Start of GIVEN ENTRIES

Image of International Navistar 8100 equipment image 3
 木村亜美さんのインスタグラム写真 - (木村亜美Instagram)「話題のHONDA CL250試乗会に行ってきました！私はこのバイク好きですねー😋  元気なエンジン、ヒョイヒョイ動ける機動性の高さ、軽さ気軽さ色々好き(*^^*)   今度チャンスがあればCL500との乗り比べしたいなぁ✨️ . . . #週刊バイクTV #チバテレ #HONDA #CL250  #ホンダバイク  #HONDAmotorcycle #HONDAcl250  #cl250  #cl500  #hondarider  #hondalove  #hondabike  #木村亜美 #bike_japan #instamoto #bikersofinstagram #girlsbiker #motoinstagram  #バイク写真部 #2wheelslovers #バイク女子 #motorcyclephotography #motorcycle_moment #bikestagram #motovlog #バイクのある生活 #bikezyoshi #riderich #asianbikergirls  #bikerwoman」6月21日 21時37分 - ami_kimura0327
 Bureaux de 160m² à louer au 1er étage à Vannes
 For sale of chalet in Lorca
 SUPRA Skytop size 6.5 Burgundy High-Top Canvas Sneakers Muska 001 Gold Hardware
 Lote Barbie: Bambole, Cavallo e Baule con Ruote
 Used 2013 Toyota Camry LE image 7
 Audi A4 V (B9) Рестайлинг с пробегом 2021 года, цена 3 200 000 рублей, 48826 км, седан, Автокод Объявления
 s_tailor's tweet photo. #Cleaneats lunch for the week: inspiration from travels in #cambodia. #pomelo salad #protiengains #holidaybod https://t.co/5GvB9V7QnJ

End of GIVEN ENTRIES

_TASK ITEM_: Using the listing above, pull out all lines that hold the word "image".

_RESPONSE FOR THIS EXERCISE_:
Image of International Navistar 8100 equipment image 3
 Used 2013 Toyota Camry LE image 7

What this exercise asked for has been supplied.